Im currently listening to an awesome book called Extreme Ownership. I wish to share some thoughts on its teachings as I think they are very valuable in any industry and particularly the IT industry.
First off, this is the book (im using the Audible service for audio-books):
As the book was written by a couple of former Seal-team members, its very direct in its approach and the key notion is the fact that as a leader you must own up to the responsibility of the entire team!
If you have an underperforming team, stop making excuses and take responsiblity for the results of the team. Only when you go through this tough process will you be able to do anything about it.
If you have been in the IT industry for as long as I have, you will have encountered numerous leaders (on any level) try and play the blame-game, ousting subordinates for poor results and performance. Blaming everyone but themselves. These leaders are also the ones that take credit for any positive results achieved by any of the team-members or the team as a whole.
Continued failure to do so will inevitably end in a team thats at best working below peak performance and at the other end of the scale with a team thats falling apart (with team members leaving in rapid succession).
Believe in the mission:
If you, as a leader, dont believe in your objective/mission, those under you wont believe in it either. A less obvious point to this is whether or not you actually understand what the objective/mission is and more important: why.

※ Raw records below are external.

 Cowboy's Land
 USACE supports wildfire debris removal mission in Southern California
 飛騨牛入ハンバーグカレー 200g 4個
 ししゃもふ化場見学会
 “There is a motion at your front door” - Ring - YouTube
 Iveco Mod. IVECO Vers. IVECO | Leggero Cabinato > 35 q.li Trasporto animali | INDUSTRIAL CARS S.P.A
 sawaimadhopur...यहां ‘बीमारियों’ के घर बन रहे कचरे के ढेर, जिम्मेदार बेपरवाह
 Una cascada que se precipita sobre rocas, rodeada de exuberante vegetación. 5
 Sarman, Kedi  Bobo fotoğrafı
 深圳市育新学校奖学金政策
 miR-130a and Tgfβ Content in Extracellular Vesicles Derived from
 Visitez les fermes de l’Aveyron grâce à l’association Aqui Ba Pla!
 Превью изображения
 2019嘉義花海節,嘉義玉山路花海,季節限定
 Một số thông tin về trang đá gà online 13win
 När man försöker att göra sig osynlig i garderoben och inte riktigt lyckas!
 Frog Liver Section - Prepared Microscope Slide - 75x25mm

I have experienced this on numerous occasions. A leader sets a goal and dont take the time to communicate why the goal has been set in the first place.
A common understanding in the team of the why will make believers of them. Without this, the team wont make the right decisions and the path to achieving the goal will be bumpy at best.
Check your ego:
This one is a major bulletpoint. All too often have I encountered people with a hugo ego problem in this industry. Often times, it is not backed up by any real skills or talent, but simple a way for the people to be “heard”. On the other hand, some of the most humble people I know in this industry are the most gifted, talented and skillfull people around.
So dont be a jerk. Be considerate and kind and to a certain extent, humble when you interact with others.
Ever sat in a meeting where an executive outlines a majorly complex, multistep action plan to get something done? - Yes, so have I.
Instructions and plans need to be simple in order to be agile and flexible. It also has the added bonus of “framing” the overall mission strategy.
Having a plan of action be simple, makes it easy for people to follow all the way down the ranks.
Prioritize and execute:
This one is particularly useful in troubleshooting sessions when something critical is not functioning.
Alot of different interests, personified by people yelling at you to fix it does not make it any better. It is important to find your bearing, select the highest priority task and get on with the job.
You cant fix every single piece simultanously, so dont even bother. Prioritize, excecute, rinse and repeat until the problem has been solved.
Control is good. To a certain degree.
When a leader wants to micromanage and have a say in everything thats going on, some alarm bells should start going off. Its very important to empower subordinates with a certain level of control.
Set some boundaries on the execution, but trust your employees to get the job done within those boundaries. This has the added effect of people taking ownership of the job and working effectively to achieve the desired result.
A good plan is a necessity for any action to be taken. This is especially true in IT projects
Unfortunally there are so many examples of a lack of a good plan that everybody can agree to and believe in, which results in huge budget overruns and delays in project execution.
A total lack of a plan is even worse, but still not uncommon. Leaders who will state a desired end-result without having a plan to achieve it, is really leading folks down a path of failure. This results in not only a project failure, but people who are left frustrated and demotivated in the future.
As you can probably tell, I simply love this book. It provides awesome guidance mixed with a great backstory on how the lessons were learned by these 2 Seals.
Next up is the “sequel” called The Dichotomy of Leadership.
Hope you found the information useful and I hope you have a chance to read this book.